I am researching how Drosophila embryos utilize their fat reserves. Our lab and others have demonstrated that lipid droplets (fat storage organelles) are highly motile, but little is known about the functions of this motility. I am investigating how this lipid droplet motility affects fat utilization throughout embryonic development.
I work in the Larracuente lab and am interested in the male meiotic drive system in fruit flies called Segregation Distorter (SD). In this system, the driver SD can manipulate meiosis to favor the transmission of itself at the cost of the other allele. The consequence is a lower fertility of the fly and almost all its offspring will have the driver. I am working to understand the molecular mechanism of this selfish behavior.
I work in the Gorbunova/Seluanov lab where we study mechanisms of aging. I work on a protein called Sirtuin6 and its role in human aging by studying a variant found in people who’ve lived over 100 years.

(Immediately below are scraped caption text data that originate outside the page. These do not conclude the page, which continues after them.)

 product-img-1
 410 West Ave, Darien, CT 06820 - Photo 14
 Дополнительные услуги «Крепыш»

I’m a laboratory technician in the Chen Lab and I’ll be joining the department as a PhD student this fall. The Chen lab studies population genomics using pedigree data from the Florida Scrub Jay, an endangered species of bird endemic to Florida. Using this unique combination of pedigree and genomic data, we can ask questions about evolutionary biology and conservation genomics that wouldn’t have been possible otherwise.
I work in Dr. Dragony Fu’s lab where I look at a population of people that have intellectual disability due to a mutation in a protein that is known to modify tRNA. I am trying to determine why a single mutation in a protein leads to this disorder.

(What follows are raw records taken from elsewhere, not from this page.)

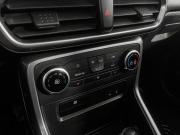 Ford EcoSport II Рестайлинг Ногинск  - изображение 31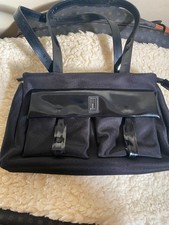 Borsa a Mano MISSONI Nera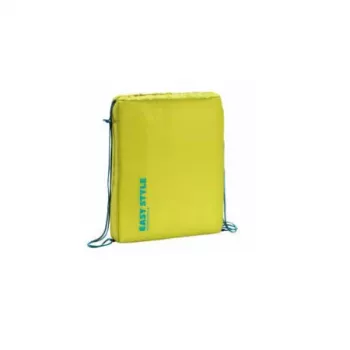 GIOSTYLE termo krepšys Easy Style Sack, 5L, geltona/mėlyna/rožinė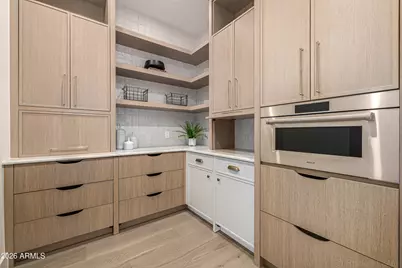 4224 E Desert Cove Avenue, Phoenix, AZ 85028 - Photo 21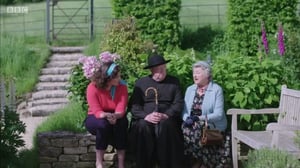 Father Brown, Season 8 Episode 2 image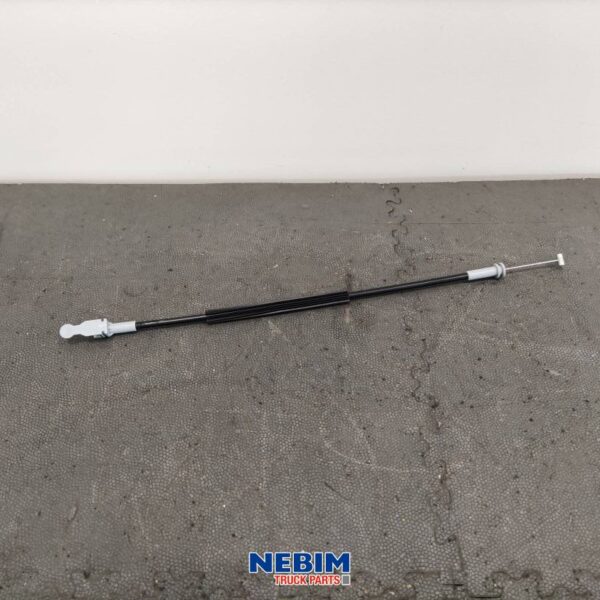 Volvo - 82365212 - Bedieningskabel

I work in the Meyer lab. We use synthetic biology techniques to engineer bacteria to produce composite materials. We are also developing new methods to combine with 3D bioprinting to produce patterned biologically active materials.

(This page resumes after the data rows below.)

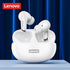 Choice  LP5 Wireless Bluetooth Earbuds Hifi Music Earphones Headphones Sports Waterproof Headset with Mic Earbuds Business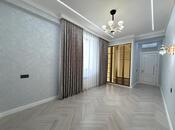 Satılır 4 otaqlı yeni tikili 172.5 m², Şah İsmayıl Xətai m., photo 6 from 8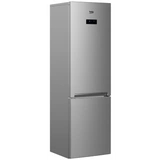 Холодильник Beko CNMV5310EC0S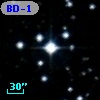 BD-12  2635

I work in the Brisson lab and we are studying evolutionary genetics and genomics in the pea aphid. Currently one of the big questions we are working on is the evolution of wings and their developmental mechanisms.
I’m the lab technician for the Teaching Labs. Basically, we prep and manage all of the undergraduate biology labs.
I work in both the Presgraves and Larracuente labs and am interested in the evolution of selfish DNA, which is a general term to describe several kinds of genetic elements that spread within the populations without contributing to the fitness of the organisms carrying them. I am currently working on population genomics and transposable element load of the Segregation Distorter (SD) system of Drosophila melanogaster, a gene complex that achieves high transmission rates to offspring causing alterations during meiosis in its favor and in detriment of other genes. I am also interested in the roles of satellite DNA and transposable elements in hybrid incompatibilities between related species of Drosophila.
I work in the Gorbunova lab, so my general interests lie in aging. Now, there are many different aspects to this generalized process, so I have to narrow my focus when asking questions about aging organisms. So I focus on the epigenetic components of aging organisms. I am particularly interested in histones, the proteins that form the primary organizational unit of DNA organization (the nucleosome). These proteins have several isoforms, variants, and post-translational modifications that seem to change during aging processes. These affect DNA organization and chromatin overall. If I had to summarize what I study in one sentence, though, I would say that I am interested in how a long-lived rodent species, the naked mole rat, maintains its epigenetic memory during aging processes compared to short-lived species, such as the mouse.
I am currently working in the Werren Lab as a lab technician so apart from working to keep the lab going, I am working on finding the genetic differences in learning and aggregation behavior in Nasonia, a kind of wasp.